Philippine Cigarette Excise Tax Revenues under Two Tax Systems

Charlotte Justine D. Sicat


The Philippines had two types of cigarette excise taxes in the past three decades: an ad valorem tax under the 1986 Tax Reform Program (TRP) and a specific tax under the 1997 Comprehensive Tax Reform Program (CTRP). Ad valorem taxes, according to economic theory, are desirable since these are flexible in that tax revenues automatically adjust to price changes. However, economic theory also recognizes the difficulty in implementing ad valorem taxes because of the challenge in identifying the appropriate tax base (e.g., price). The alternative, a specific tax is easier to implement but is not flexible, requiring regular adjustments in taxes to inflation. In practice, this characteristic of flexibility is even more important if the political or institutional environment make it difficult to increase existing or pass new tax laws.

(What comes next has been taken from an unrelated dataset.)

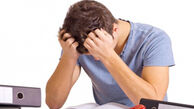 استرس ساختار مغز را تغییر می دهد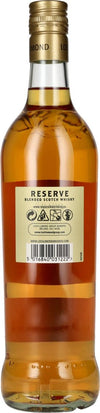 Loch Lomond RESERVE Blended Scotch Whisky 40% Vol. 0,7l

Empirically, Philippine cigarette excise tax revenues—in real terms—declined in the period after the shift to a specific tax. This study examines the effect of a shift from an ad valorem to a specific cigarette excise tax on Philippine cigarette excise tax collections during the period 1988 to 2005. The results showed a significant negative relationship between cigarette excise tax revenue effort and the period when a specific excise tax was in effect. Though the results cannot entirely attribute the decline in cigarette excise tax effort to the 1997 CTRP shift to specific taxes because of politico-institutional reasons (e.g., not implementing the provisions of the law), the results showed that Philippine cigarette excise tax effort is negatively related to the 1997 CTRP.